Start of Input
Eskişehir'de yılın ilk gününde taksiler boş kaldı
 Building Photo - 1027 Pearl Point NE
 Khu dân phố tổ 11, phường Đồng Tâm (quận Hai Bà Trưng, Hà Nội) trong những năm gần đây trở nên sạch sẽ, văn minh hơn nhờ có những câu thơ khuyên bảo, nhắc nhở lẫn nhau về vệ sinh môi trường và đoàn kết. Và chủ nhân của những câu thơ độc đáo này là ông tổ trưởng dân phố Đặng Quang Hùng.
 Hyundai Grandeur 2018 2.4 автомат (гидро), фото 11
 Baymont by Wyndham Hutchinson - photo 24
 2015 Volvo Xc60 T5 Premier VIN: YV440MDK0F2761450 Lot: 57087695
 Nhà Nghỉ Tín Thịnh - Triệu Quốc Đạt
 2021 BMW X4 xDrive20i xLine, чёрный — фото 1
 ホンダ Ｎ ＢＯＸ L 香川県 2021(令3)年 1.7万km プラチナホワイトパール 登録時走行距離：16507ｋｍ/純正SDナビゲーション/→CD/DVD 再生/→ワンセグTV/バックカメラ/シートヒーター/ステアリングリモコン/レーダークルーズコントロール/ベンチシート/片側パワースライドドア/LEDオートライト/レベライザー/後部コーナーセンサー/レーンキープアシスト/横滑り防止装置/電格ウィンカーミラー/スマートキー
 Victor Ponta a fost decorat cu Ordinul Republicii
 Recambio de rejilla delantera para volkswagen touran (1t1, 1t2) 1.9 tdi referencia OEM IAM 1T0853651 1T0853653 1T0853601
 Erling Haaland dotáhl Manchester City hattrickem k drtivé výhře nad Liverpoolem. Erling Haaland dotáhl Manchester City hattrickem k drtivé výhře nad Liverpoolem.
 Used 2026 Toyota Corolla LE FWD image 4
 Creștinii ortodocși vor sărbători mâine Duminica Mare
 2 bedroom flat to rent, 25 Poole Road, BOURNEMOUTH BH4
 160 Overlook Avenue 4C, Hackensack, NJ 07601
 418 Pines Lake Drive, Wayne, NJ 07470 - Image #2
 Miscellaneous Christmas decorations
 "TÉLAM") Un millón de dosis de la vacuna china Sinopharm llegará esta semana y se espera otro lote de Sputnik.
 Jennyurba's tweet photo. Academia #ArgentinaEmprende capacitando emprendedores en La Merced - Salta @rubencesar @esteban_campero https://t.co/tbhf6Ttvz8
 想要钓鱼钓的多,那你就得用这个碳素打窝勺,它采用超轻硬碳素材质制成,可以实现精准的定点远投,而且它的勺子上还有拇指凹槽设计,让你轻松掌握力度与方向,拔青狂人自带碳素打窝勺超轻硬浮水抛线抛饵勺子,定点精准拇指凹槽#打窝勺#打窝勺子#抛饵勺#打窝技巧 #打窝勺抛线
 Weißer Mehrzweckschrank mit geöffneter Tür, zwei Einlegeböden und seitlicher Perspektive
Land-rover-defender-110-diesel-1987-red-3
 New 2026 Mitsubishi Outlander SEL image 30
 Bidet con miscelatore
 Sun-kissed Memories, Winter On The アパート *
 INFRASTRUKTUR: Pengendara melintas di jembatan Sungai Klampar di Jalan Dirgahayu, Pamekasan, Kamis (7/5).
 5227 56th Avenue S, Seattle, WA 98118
End of Input
Could you return all lines from the data above that contain the string "Avenue"?

 160 Overlook Avenue 4C, Hackensack, NJ 07601
 5227 56th Avenue S, Seattle, WA 98118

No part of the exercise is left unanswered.